While young Ernie Isley was just a kid, having daily access to Hendrix for years allowed the youngster to observe every aspect of the guitarist’s evolving musical talents. Years later, Ernie would adopt a “Hendrix-ism” style of playing the electric guitar, even to this day. Interestingly, Ernie didn’t play guitar during the time Hendrix lived and played with “The Isley Brothers.” Ernie’s first instrument was the drums.
“I played my first live gig with my brothers when I was 14 years old,” Isley recalled. “It was in Philadelphia and I played drums, because the group’s drummer had quit. That same night in Philly, I played drums behind “Martha Reeves and The Vandellas” because they didn’t have a drummer.

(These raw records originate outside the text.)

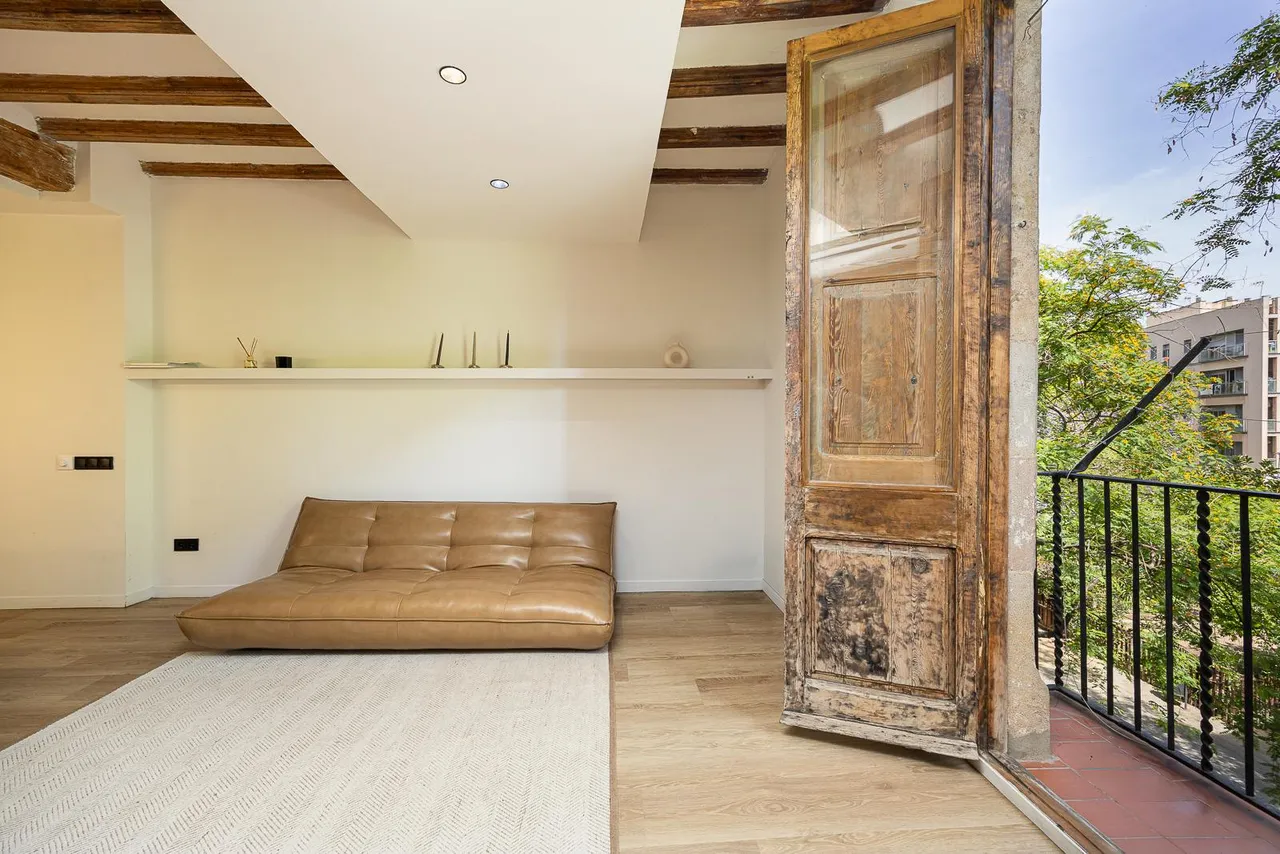 living - 42m² apartment for sale in El Born, Barcelona - gallery - 5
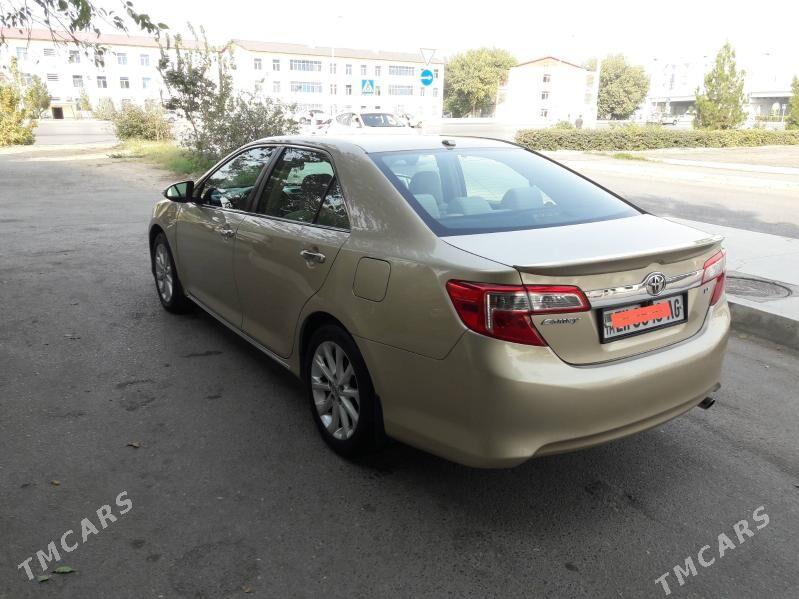 Toyota Camry 2012 - 225 000 TMT - 10 мкр - img 5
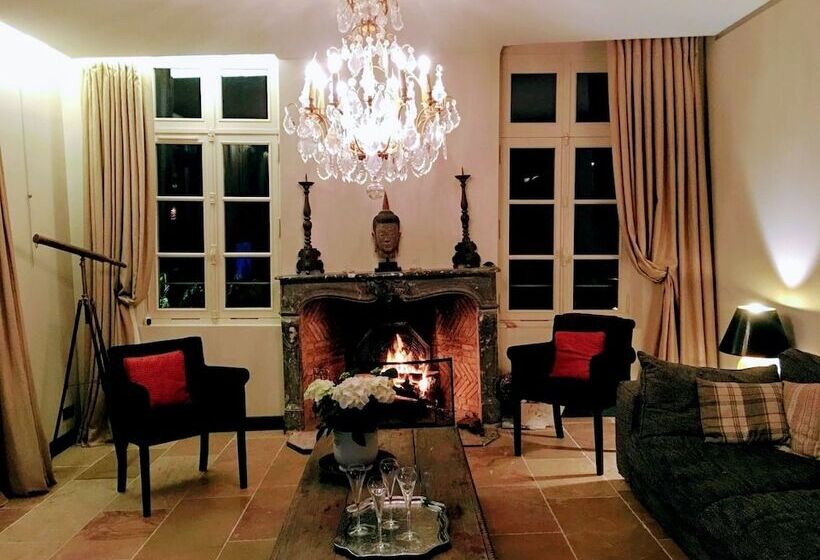 تختخواب و صبحانه New Cottage & Spa De Nage Guesthouse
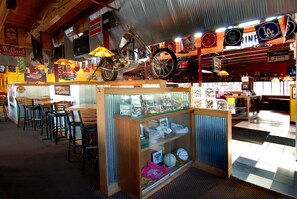 Lunch, dinner, brunch served; American cuisine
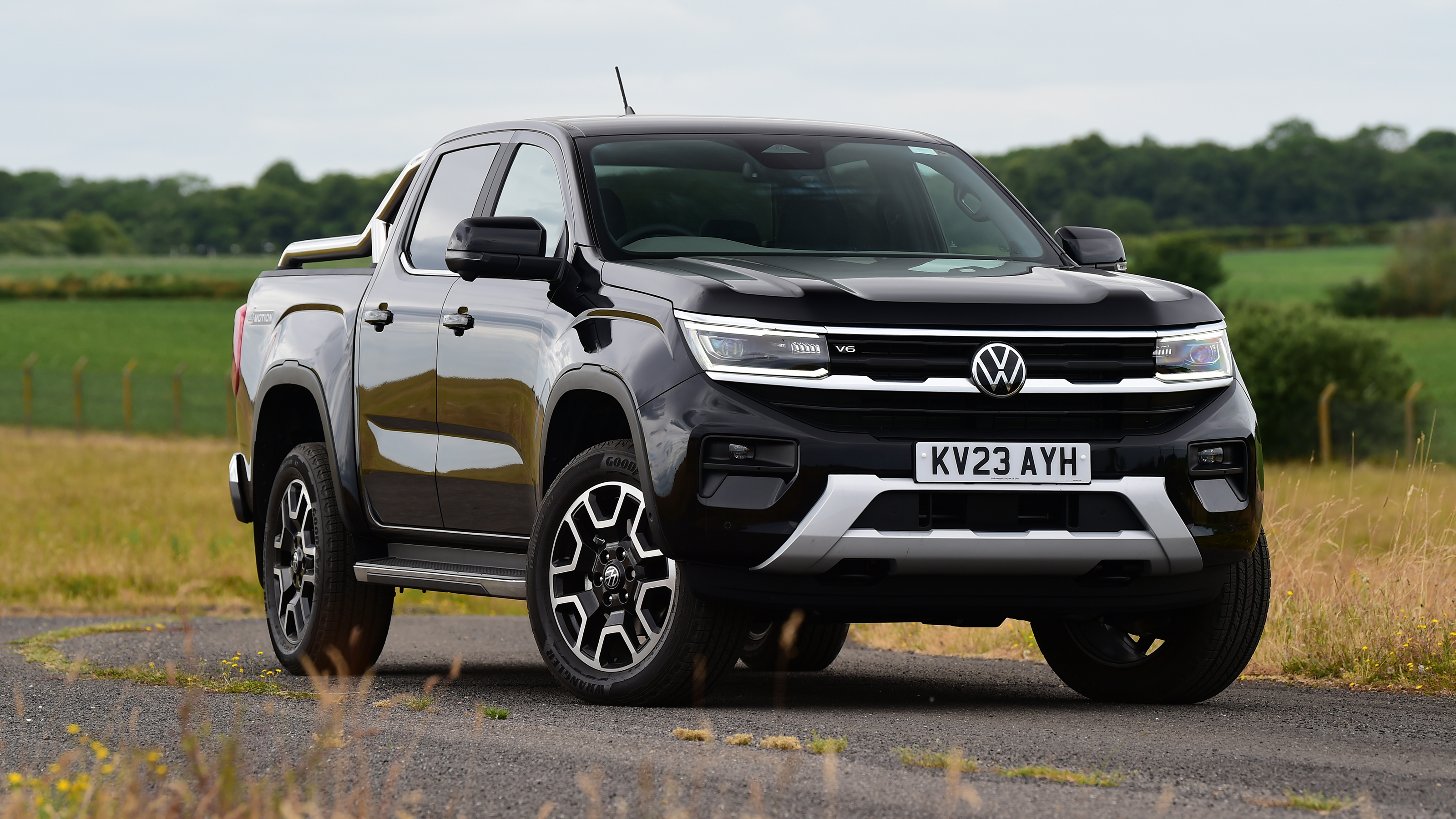 Volkswagen Amarok - front static
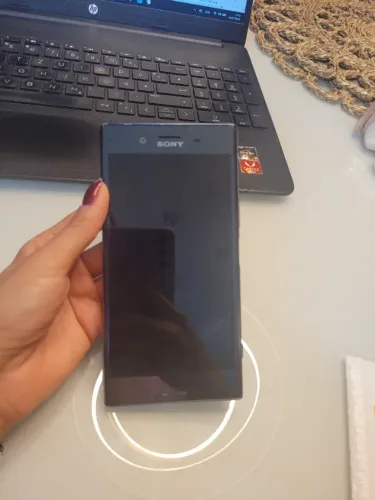 2 SONYS Xperia XZ1 - Seminovos - Perfeito estado - Desbloqueados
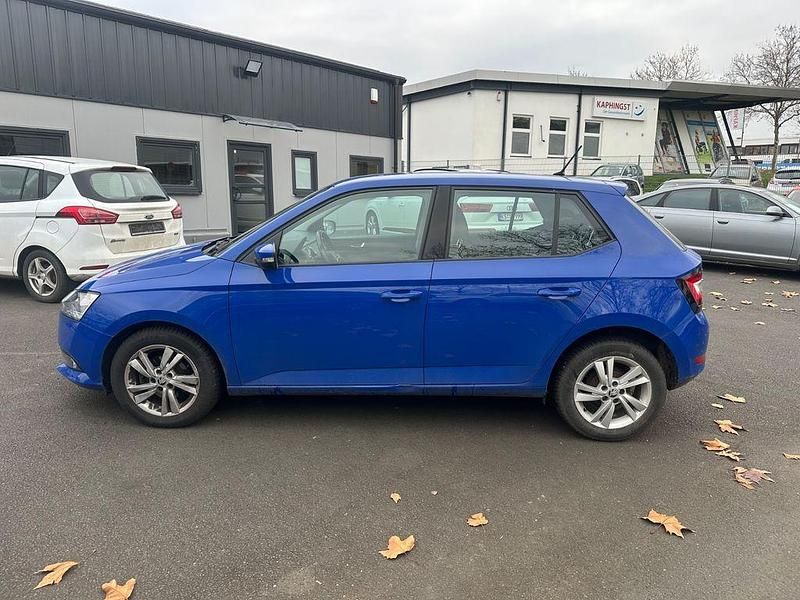 Gebraucht Skoda Fabia Ambition 95 PS (69 kW) 2018 Blau Limousine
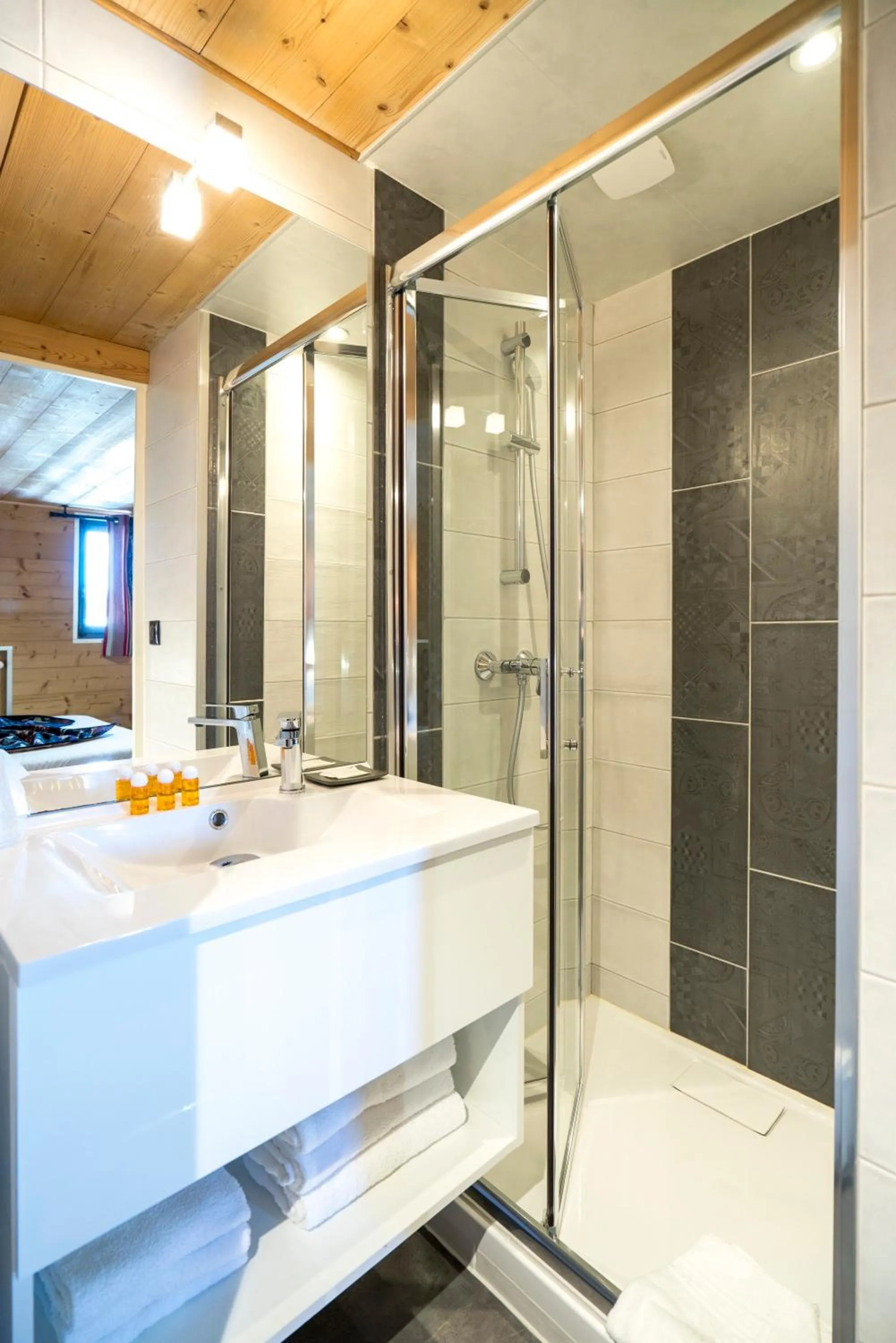 Bathroom in Hôtel Restaurant U'Fredy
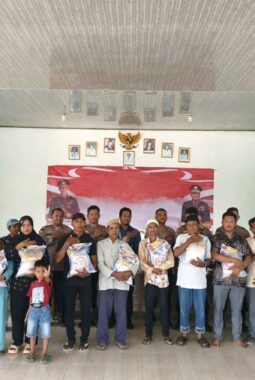 Kabag Ops Polres Mesuji Pimpin Kegiatan Jumat Curhat di Desa Margo Jadi. 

So I got the chance to play on ‘Dancing in the Streets’ and ‘Heatwave.’ ”
Believing that record companies, such as Atlantic, United Artists and Motown, didn’t truly understand “The Isley Brothers’ ” evolving “multi-genre” exploration of rock, R&B, pop, and soul, the group formed its own independent record label called T-Neck Records. The 23-CD box collection contains many of the group’s work on T-Neck, inclusive of such smash hits as “Love the One You’re With,” “Lay, Lady, Lay” and “That Lady.”
The unique vocalizations of Ronald, Rudolph, and O’Kelley were now augmented by the musical and vocal talents of younger brothers Ernie (lead guitar and drums), Marvin (bass guitar) and Rudolph’s brother-in-law Chris Jasper (keyboards/synthesizers). Jasper, a classical-trained musician with a bachelor’s degree in Fine Arts/music composition from C.W. Post, was instrumental in writing, co-writing and/or arranging many of the songs that branded the group, beginning in the late 1960s, in ways that other groups could not emulate.